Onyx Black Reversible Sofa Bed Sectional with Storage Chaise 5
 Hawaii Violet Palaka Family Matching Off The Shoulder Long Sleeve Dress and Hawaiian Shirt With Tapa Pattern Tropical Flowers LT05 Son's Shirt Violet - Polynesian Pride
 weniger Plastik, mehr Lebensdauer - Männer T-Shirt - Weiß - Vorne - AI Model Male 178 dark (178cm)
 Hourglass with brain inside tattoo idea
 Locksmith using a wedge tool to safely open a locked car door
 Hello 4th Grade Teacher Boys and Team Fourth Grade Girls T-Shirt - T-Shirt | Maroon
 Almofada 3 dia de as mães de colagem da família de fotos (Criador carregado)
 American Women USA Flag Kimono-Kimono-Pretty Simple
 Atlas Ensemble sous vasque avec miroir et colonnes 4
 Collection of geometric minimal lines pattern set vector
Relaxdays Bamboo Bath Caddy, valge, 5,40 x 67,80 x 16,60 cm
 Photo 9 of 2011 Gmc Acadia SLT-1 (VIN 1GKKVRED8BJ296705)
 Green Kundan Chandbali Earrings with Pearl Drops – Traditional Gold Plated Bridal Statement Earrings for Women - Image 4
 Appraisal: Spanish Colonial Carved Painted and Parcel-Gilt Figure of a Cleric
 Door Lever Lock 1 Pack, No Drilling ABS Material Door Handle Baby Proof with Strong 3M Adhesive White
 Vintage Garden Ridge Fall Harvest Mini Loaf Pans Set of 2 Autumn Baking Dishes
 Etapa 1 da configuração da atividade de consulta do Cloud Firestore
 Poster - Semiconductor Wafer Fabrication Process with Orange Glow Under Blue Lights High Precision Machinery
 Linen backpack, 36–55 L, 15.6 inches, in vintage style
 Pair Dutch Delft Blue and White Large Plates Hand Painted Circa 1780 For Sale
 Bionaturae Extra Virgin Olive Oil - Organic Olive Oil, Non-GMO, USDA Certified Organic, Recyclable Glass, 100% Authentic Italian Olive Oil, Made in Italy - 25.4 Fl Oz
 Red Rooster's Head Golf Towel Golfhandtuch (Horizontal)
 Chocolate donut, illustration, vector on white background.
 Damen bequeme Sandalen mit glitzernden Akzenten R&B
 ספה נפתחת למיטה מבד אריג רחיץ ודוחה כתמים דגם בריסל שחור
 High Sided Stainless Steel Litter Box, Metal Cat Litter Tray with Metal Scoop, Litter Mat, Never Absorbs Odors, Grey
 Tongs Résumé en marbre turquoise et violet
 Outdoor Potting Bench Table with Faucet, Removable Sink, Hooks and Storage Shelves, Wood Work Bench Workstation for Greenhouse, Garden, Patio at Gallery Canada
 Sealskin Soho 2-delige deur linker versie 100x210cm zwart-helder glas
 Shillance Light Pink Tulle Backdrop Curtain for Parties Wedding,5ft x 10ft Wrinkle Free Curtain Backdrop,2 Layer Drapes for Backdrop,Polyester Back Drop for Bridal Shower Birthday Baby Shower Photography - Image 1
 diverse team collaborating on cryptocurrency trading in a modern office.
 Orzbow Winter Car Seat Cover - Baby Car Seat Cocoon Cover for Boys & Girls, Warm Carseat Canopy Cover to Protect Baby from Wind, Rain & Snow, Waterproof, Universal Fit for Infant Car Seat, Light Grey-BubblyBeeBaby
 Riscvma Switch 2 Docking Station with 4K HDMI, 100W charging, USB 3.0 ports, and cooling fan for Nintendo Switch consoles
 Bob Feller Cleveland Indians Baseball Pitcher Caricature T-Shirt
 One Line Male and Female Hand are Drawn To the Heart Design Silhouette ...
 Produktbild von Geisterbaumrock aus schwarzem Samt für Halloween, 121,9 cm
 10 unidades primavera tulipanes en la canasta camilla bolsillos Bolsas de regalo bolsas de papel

### Required action
Your task is to restate, word for word, only those lines above that fall between the line holding "Poster - Semiconductor" and the line holding "Riscvma Switch 2", inclusive.

### Output of the task
 Poster - Semiconductor Wafer Fabrication Process with Orange Glow Under Blue Lights High Precision Machinery
 Linen backpack, 36–55 L, 15.6 inches, in vintage style
 Pair Dutch Delft Blue and White Large Plates Hand Painted Circa 1780 For Sale
 Bionaturae Extra Virgin Olive Oil - Organic Olive Oil, Non-GMO, USDA Certified Organic, Recyclable Glass, 100% Authentic Italian Olive Oil, Made in Italy - 25.4 Fl Oz
 Red Rooster's Head Golf Towel Golfhandtuch (Horizontal)
 Chocolate donut, illustration, vector on white background.
 Damen bequeme Sandalen mit glitzernden Akzenten R&B
 ספה נפתחת למיטה מבד אריג רחיץ ודוחה כתמים דגם בריסל שחור
 High Sided Stainless Steel Litter Box, Metal Cat Litter Tray with Metal Scoop, Litter Mat, Never Absorbs Odors, Grey
 Tongs Résumé en marbre turquoise et violet
 Outdoor Potting Bench Table with Faucet, Removable Sink, Hooks and Storage Shelves, Wood Work Bench Workstation for Greenhouse, Garden, Patio at Gallery Canada
 Sealskin Soho 2-delige deur linker versie 100x210cm zwart-helder glas
 Shillance Light Pink Tulle Backdrop Curtain for Parties Wedding,5ft x 10ft Wrinkle Free Curtain Backdrop,2 Layer Drapes for Backdrop,Polyester Back Drop for Bridal Shower Birthday Baby Shower Photography - Image 1
 diverse team collaborating on cryptocurrency trading in a modern office.
 Orzbow Winter Car Seat Cover - Baby Car Seat Cocoon Cover for Boys & Girls, Warm Carseat Canopy Cover to Protect Baby from Wind, Rain & Snow, Waterproof, Universal Fit for Infant Car Seat, Light Grey-BubblyBeeBaby
 Riscvma Switch 2 Docking Station with 4K HDMI, 100W charging, USB 3.0 ports, and cooling fan for Nintendo Switch consoles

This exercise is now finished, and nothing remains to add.